In materia di danno da emotrasfusioni con sangue infetto il principio fu enunciato dalle Sezioni Unite di questa Corte già con la sentenza 11 gennaio 2008, n. 584. Successivamente, le Sezioni Unite sono intervenute ancora in argomento con un gruppo di pronunce del 2018, fra le quali è opportuno richiamare, in particolare, la sentenza 22 maggio 2018, n. 12567, nella quale si è detto che, in ossequio al suindicato principio, dall’ammontare del danno subito da un neonato in fattispecie di colpa medica, e consistente nelle spese da sostenere vita natural durante per l’assistenza personale, deve sottrarsi il valore capitalizzato della indennità di accompagnamento che la vittima abbia comunque ottenuto dall’ente pubblico, in conseguenza di quel fatto, essendo tale indennità rivolta a fronteggiare ed a compensare direttamente il medesimo pregiudizio patrimoniale causato dall’illecito, consistente nella necessità di dover retribuire un collaboratore o assistente per le esigenze della vita quotidiana del minore reso disabile per negligenza al parto“.
La successiva e più recente giurisprudenza, dettata per lo più in materia di emotrasfusioni con sangue infetto, ha tuttavia chiarito che: “l’indennizzo di cui alla legge 25 febbraio 1992, n. 210, può essere scomputato dalle somme liquidabili a titolo di risarcimento del danno (compensatio lucri cum damno) solo se sia stato effettivamente versato o, comunque, sia determinato nel suo preciso ammontare o determinabile in base a specifici dati della cui prova è onerata la parte che eccepisce il lucrum.
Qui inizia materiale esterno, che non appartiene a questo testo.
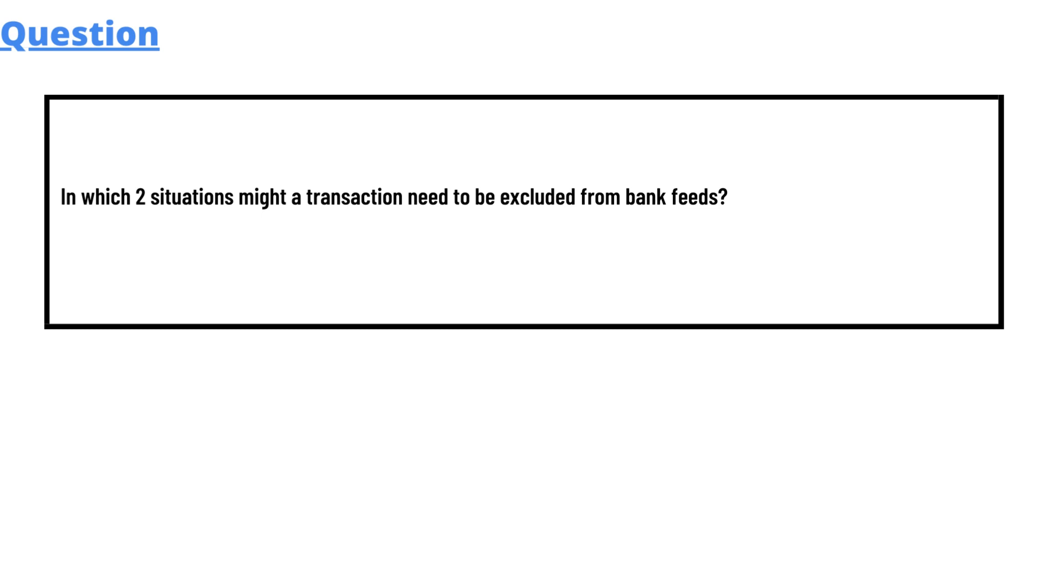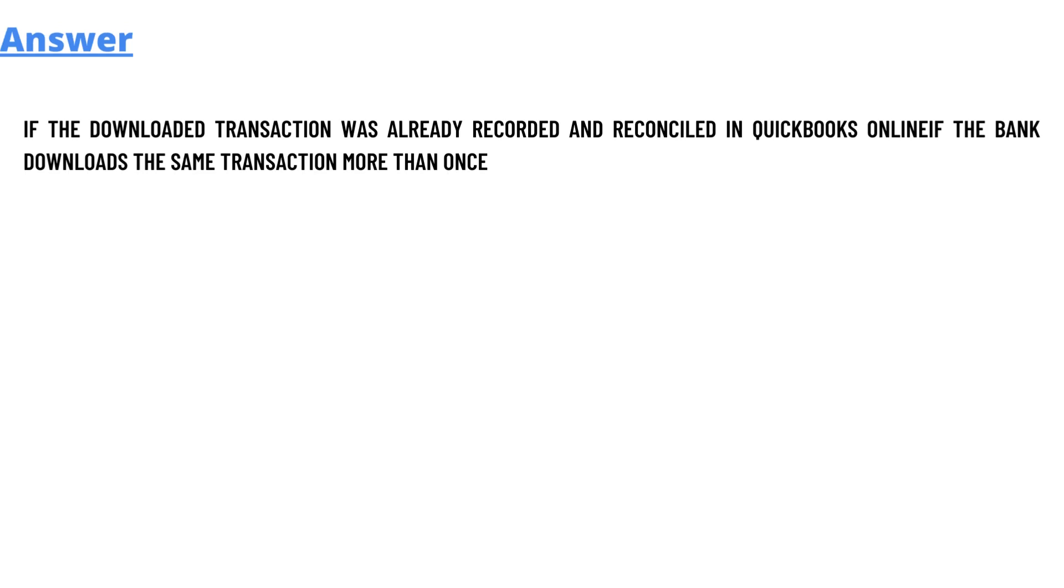The answer to the question is: if the downloaded transaction was already recorded and reconciled in QuickBooks Online, and if the bank downloads the same transaction more than once.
Ciò anche perché la liquidazione del danno aquiliano deve portare alla quantificazione di un importo certo e determinato che non è possibile rimettere al giudice dell’esecuzione, dovendo il dispositivo della sentenza di condanna essere completo e suscettibile di esecuzione senza ulteriori accertamenti (v., tra le altre, le sentenze 22 agosto 2018, n. 20909, e 7 marzo 2022, n. 7345, nonché le ordinanze 30 agosto 2019, n. 21837, 31 marzo 2021, n. 8866, e 15 luglio 2022, n. 22331). Questo principio sta a significare che l’applicazione di tale regola non può costituire il frutto di una sorta di opzione teorica resa necessaria per affermare la correttezza del principio, ma deve essere conseguenza di un’effettiva dimostrazione, da parte del debitore, del fatto che il versamento di una somma ulteriore a titolo di risarcimento dei danni verrebbe a determinare un’ingiustificata locupletazione a favore del creditore“.
Nel caso di specie la Corte di Cassazione rileva che tale prova manca totalmente nel caso in esame, nel quale la Corte d’Appello ha stabilito che la danneggiata non poteva, allo stato, godere della pensione di invalidità e che ella neppure beneficiava dell’indennità di accompagnamento, per cui la questione era priva di rilevanza. A fronte di tale motivazione: “la censura proposta dalla ricorrente, benché corretta, non contesta le risultanze di fatto e si limita ad affermare, con una prospettiva che è chiaramente, almeno allo stato, non attuale, che essa, dopo aver pagato la somma posta a suo carico dalla sentenza a titolo di assistenza della danneggiata, potrebbe essere poi esposta all’azione di rivalsa dell’INPS; ma è evidente che questa è un’ipotesi teorica che non può condurre alla cassazione della sentenza“.